Thursday, June 21, 2012

Some Meandering Observations on Greg Egan's "Zendegi"

The Amazon reviewers are divided. A lot of them dislike the slow pace and the way the story is grounded in the near now (2012 and the next twenty years) instead of zooming off into a zany superscience future. Now, I think the Egan novels that zoom off into a zany superscience future miss as often as they hit (thinking Schild's Ladder here) and I have always preferred his work that is grounded in good science instead of flaky hippy-dippy perversions of Quantum Mechanics (I'm looking disapprovingly at you, Distress and Teranesia). And while stories pondering the social implications of impossible technological advances can be interesting, I reckon they are less worthwhile than stories pondering the social implications of just vaguely possible technologicial advances,

So for me, Zendegi being grounded in the near now, and being concerned with the nitty-gritty of how we get there (uploading ourselves to the interwebz) from here (here) are big positives.

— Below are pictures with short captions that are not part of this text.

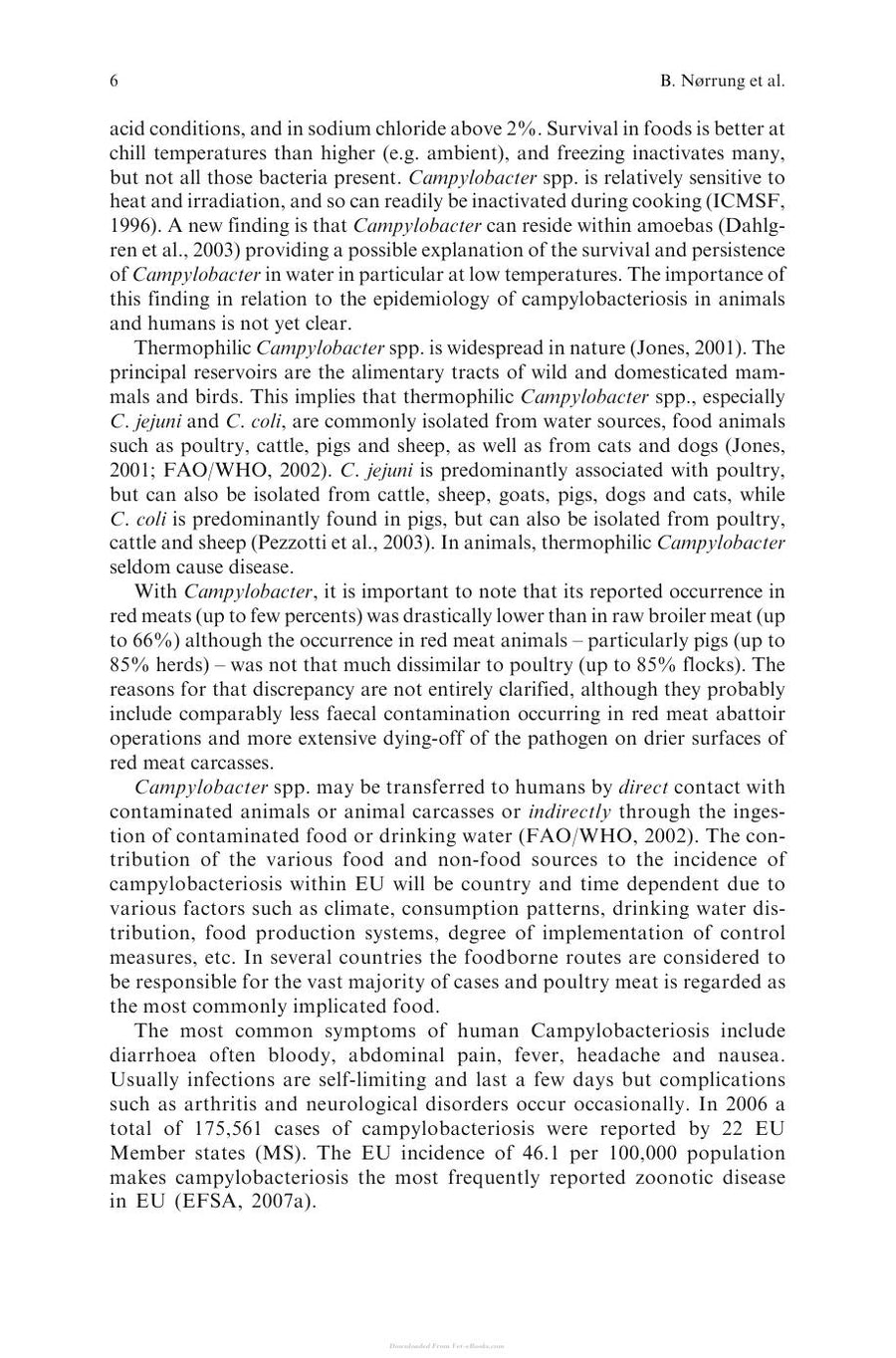 Preview page of Safety of Meat and Processed Meat PDF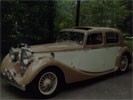 1948 MKIV 3.5 Jaguar Saloon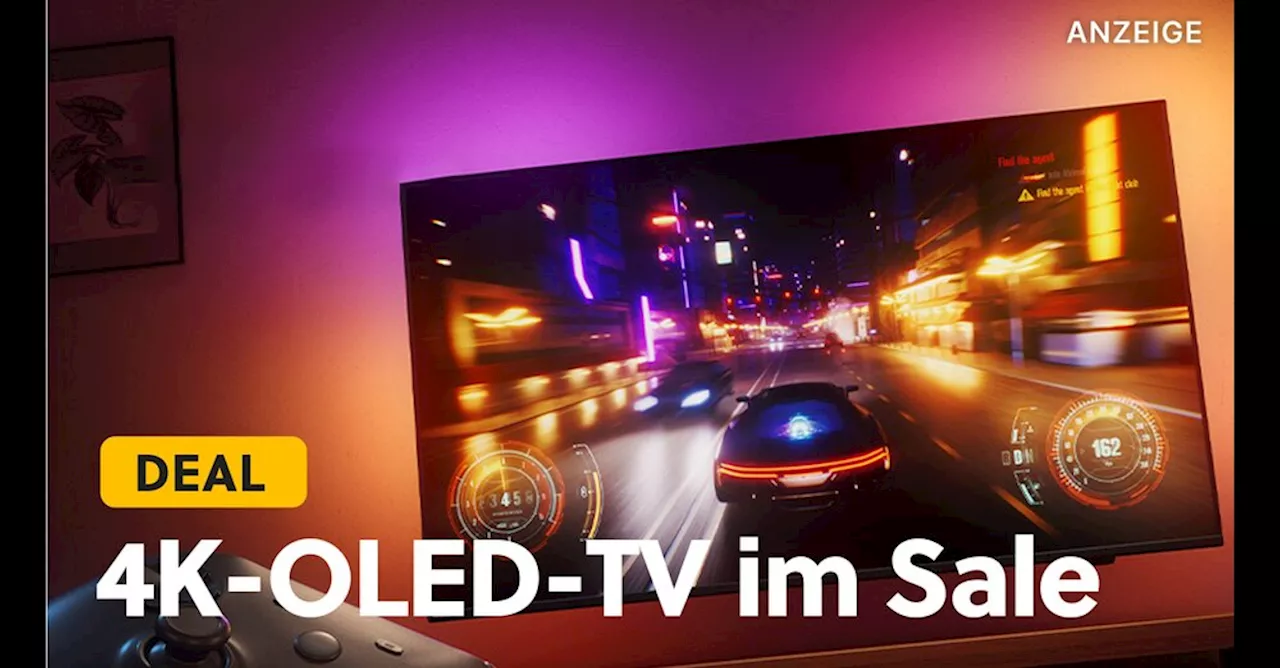 65 Zoll 4K OLED TV von Philips zum Hammerpreis: MediaMarkt MwSt. macht Ambilight endlich mal wirklich günstig!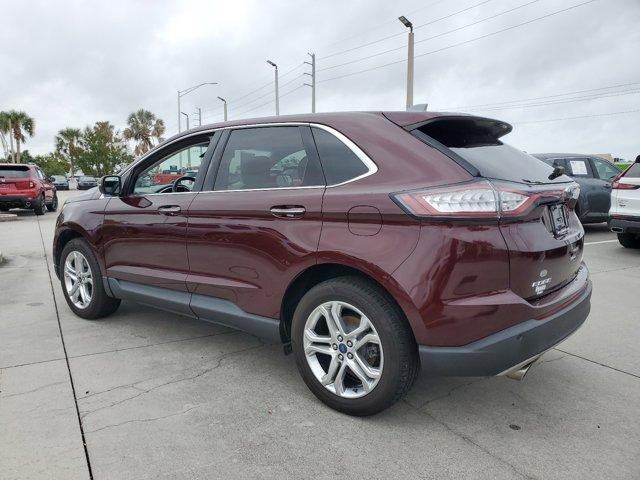 used 2018 Ford Edge car, priced at $17,805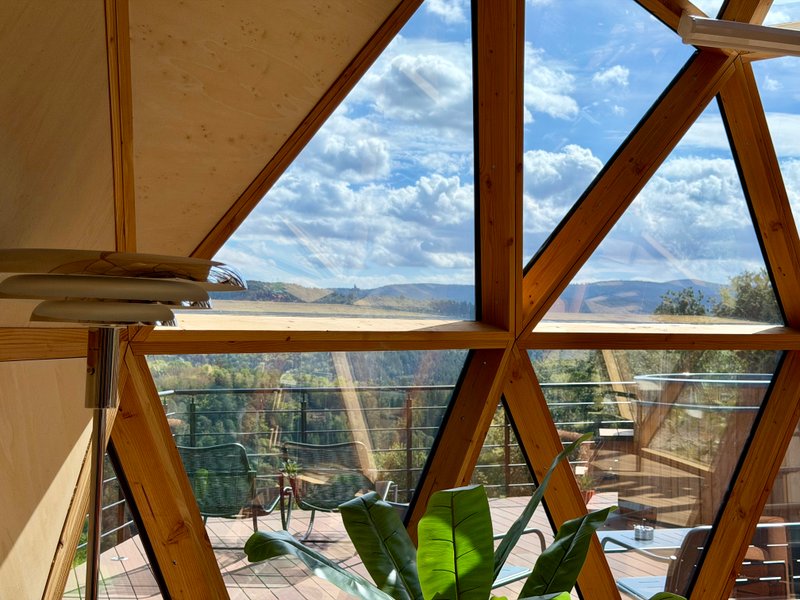 Hébergement AbracadaRoom : Dôme Orbe-Insolite-Sauna-Bain-Nordique-Climatisé - Image 14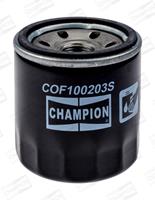 CHAMPION Ölfilter COF100203S Motorölfilter,Wechselfilter CHEVROLET,SPARK M300,AVEO Schrägheck T250, T255,AVEO Stufenheck T250, T255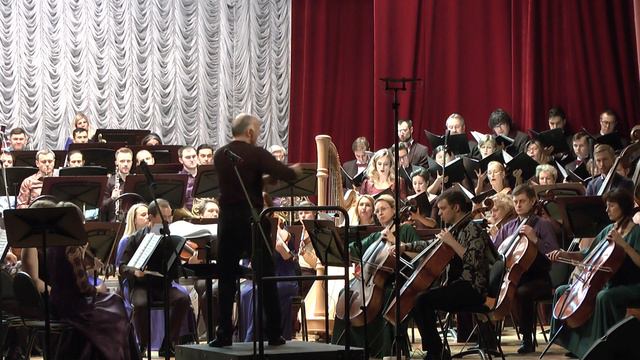 9. E. Artemyev. Slave of love. Blagovest ensemble, Zhukovsky city orchestra, Sergey Skrypka смотреть онлайн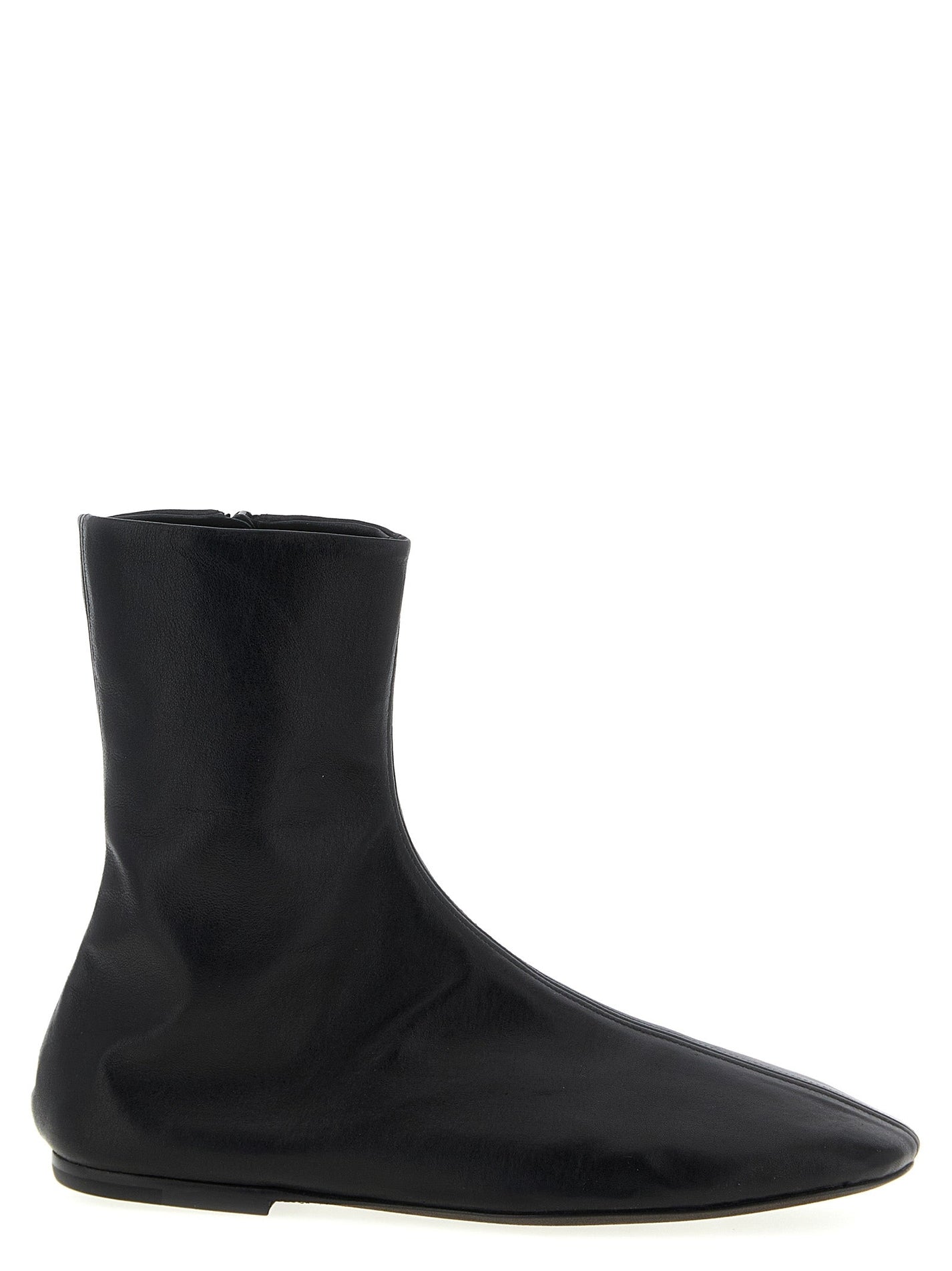 DRIES VAN NOTEN - DRIES VAN NOTEN - Leather ankle boots - Women’s Shoes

One danger of working in the near now is that it is easy to end up with characters who are too much like yourself (see Dr Clam's Rules of Writing, #5). Now, the story of Zendegi is told in a tight third-person narrative following two main characters. One of them is a typical Egan main character, with a fairly sketchy background and a fractal dimension between 2.5 and 2.7. The other is a male Sydneysider of the latte-sucking variety who grew up in the eighties and comes with a raft of detailed life experiences and pop-culture references. Which are of course hugely entertaining for all Australian readers who grew up in the eighties. This character (whose name is Martin) is an absolutely convincing three-dimensional portrait of a dull male latte-sucking Sydneysider who grew up in the eighties. He has the absolutely uninteresting conventional unexamined convictions of his tribe. I really hope he is not Greg Egan. But that's not that important. The problem is more that he distorts the novel and makes the other characters seem less real by being so much more grounded in reality than they are.

Spoilers, ahoy!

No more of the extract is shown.